Democrats complained that the additional money did not go to education. Proponents said that it is an excellent deal for the state that will help solve the $3.2 billion budget deficit.
Rep. Jim Waldman, a Coconut Creek Democrat who worked on the talks, said that the reason why the agreement passed is the same reason cigarette tax was approved last year-they could not balance the state budget without the gaming money. He added that he was not naive enough to think that it was any other reason.
But Rep. Waldman added that it was an excellent deal for Florida and he commended Rep. Galvano for carefully navigating the minefields that exploded in the past attempts at finalizing an agreement. The Seminoles and Gov. Crist also commended Rep. Galvano and tribal spokesperson Gary Bitner said that the completion of the gaming compact will end any cases the tribe currently has pending with Florida.
Under federal law, the tribe must reach an agreement with Florida to operate Class III slot machines.
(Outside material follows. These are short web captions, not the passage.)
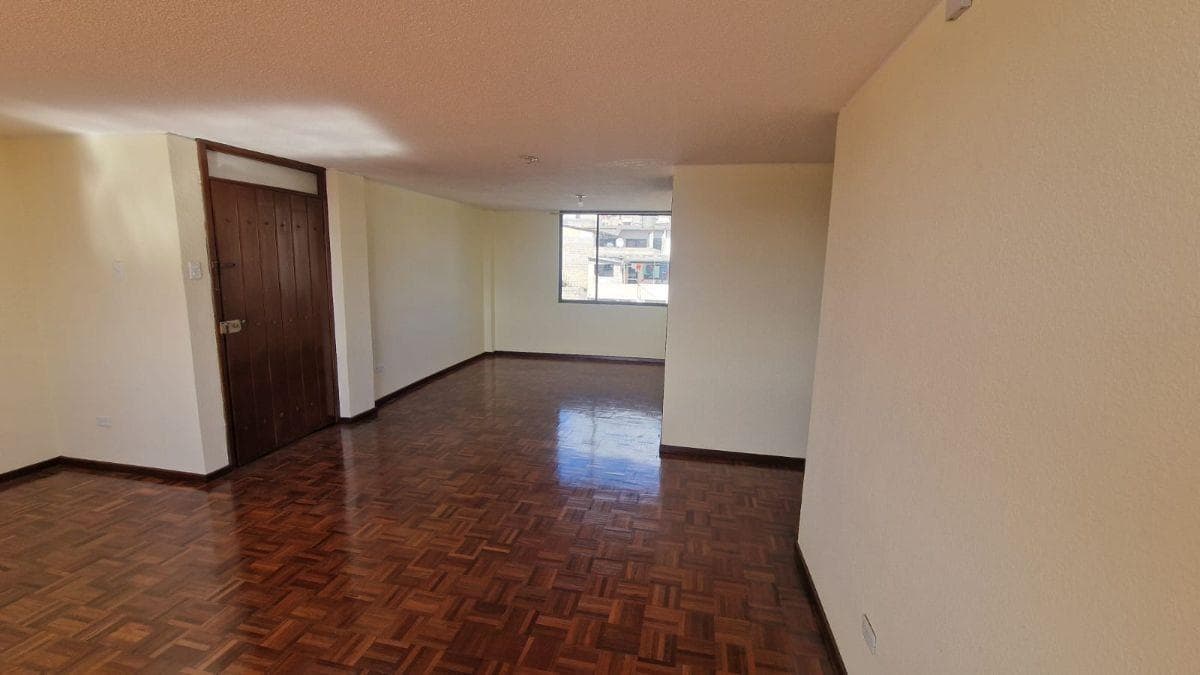 Urgente Vendo Departamento Remodelado Sector Cotocollao — imagen 3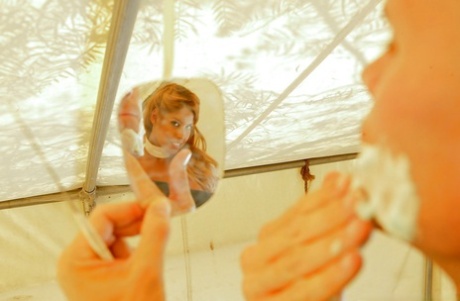 Сексуальные жены Бриджит Би и Энн Мари Риос устраивают групповуху картинка 1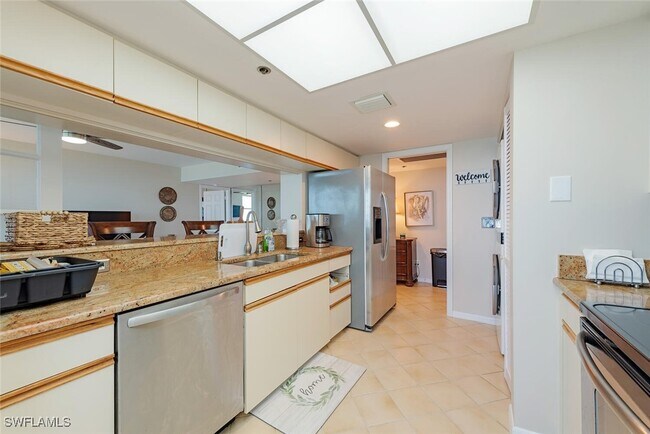 Photo - 5550 Heron Point Dr Unit 2003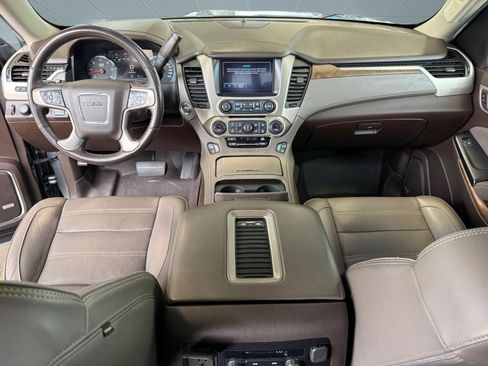 Used 2018 GMC Yukon Denali w/ Denali Ultimate Package AWD/4WD image 17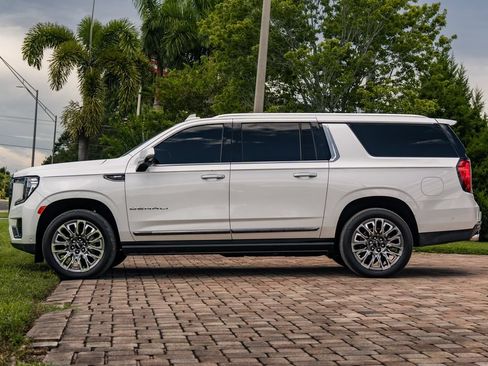 Used 2024 GMC Yukon XL Denali Ultimate AWD/4WD image 2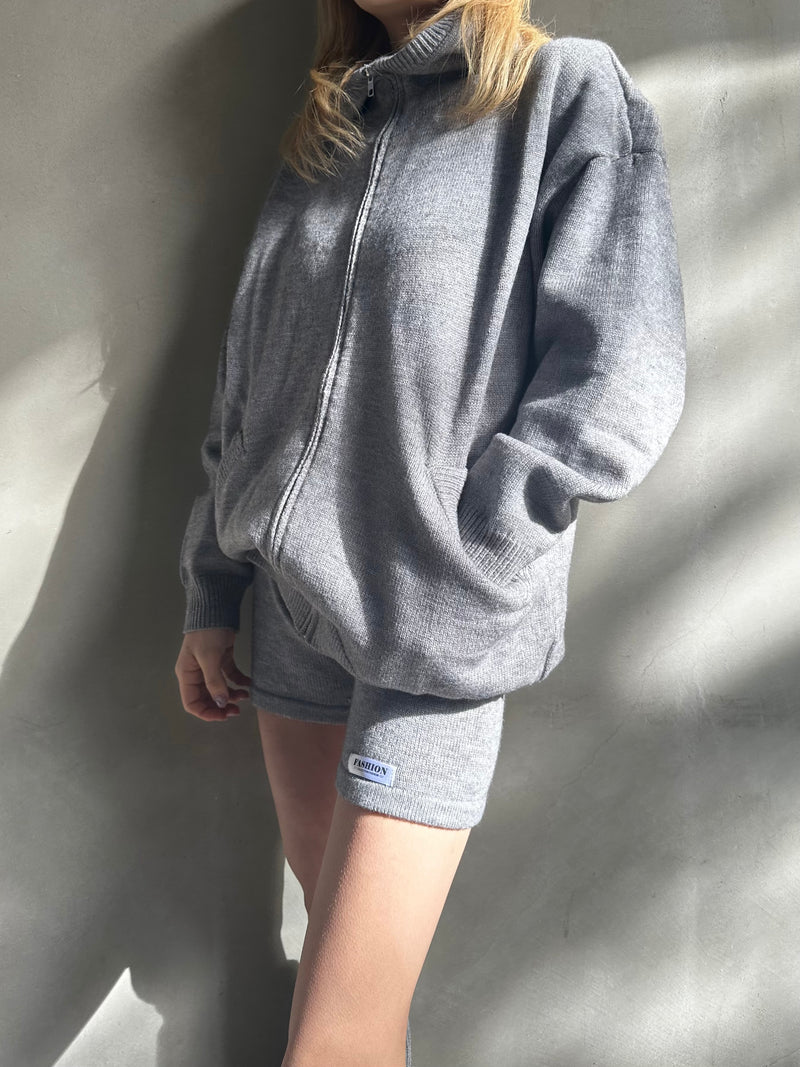 レッグウォーマー付きモードセットアップ DPB26474 – CRAMMY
Working together with the lawyers of the Seminoles, Gov. Crist's office and the Senate, Rep. Galvano reached a compromise by using an idea from Seminole Hard Rock Chief Executive Officer Jim Allen and transforming it into a package that buys enough time for the tribe, Florida and gaming competitors.
Seminole CEO Allen suggested that the Seminoles stepped away from a 20-year deal. Allen suggested a different proposal, suggesting that the state regulate casino table games-like blackjack-for five years. After that, if Florida expands casino table games in Broward and Miami-Dade, the Seminoles would scale down its payments to the state from revenues at its casinos in Broward County.
Regardless of whether lawmakers expand casino table games, the gaming compact requires the tribe to make payments to Florida on its Class III slot machines for twenty years. The compromise permits the pari-mutuels to continue to ask legislators for casino games to help their dying industry.
Florida lawmakers and voters will also have time to decide if they want to continue gaming expansion, including a push by gaming companies in Las Vegas to introduce "destination resort" casinos in Florida. The agreement also permits pari-mutuels to expand hours of operation for poker rooms and minimizes their tax rate by fifteen percent at the seven "racinos"-horse and dog racing tracks and jai-alai frontons with slot machines-in the counties of Broward and Miami-Dade.
The potential for more gambling, including the chance that the Seminoles will pursue major gaming expansions at its casinos, scares gaming opponents. Rep. Charles Van Zant(R-Keystone Heights) said that the compact damaged their faith and freedoms. The House decision crossed party line, falling on the boundaries of regional concerns.
Speaker designate Dean Cannon of Winter Park opposed the compact, citing his disliked to gambling. His hometown industries of Universal Studios and Disney are strongly against the measures. But even some conservatives in the House, who for three years have been a vital obstacle for passing a gaming deal, supported the approval of the Seminole compact.
Rep. John Wood (R-Winter Haven) said that he is not in favor of gambling but voted for it because it does not expand gambling but it regulates it. Some Democrats approved the measure but voiced some concerns that the money did not go toward state education.
Rep. Mary Brandenburg (D-West Palm Beach) voted against the proposal, saying that she was extremely concerned about the hardship that dog and horse tracks will endure to compete against the Seminoles.
Rep. Brandenburg's district includes the Palm Beach Kennel Club, a greyhound track that has sought bingo-style slot machines to better compete with the tribe. She added that the money Florida receives in the agreement "a trickle in the bucket".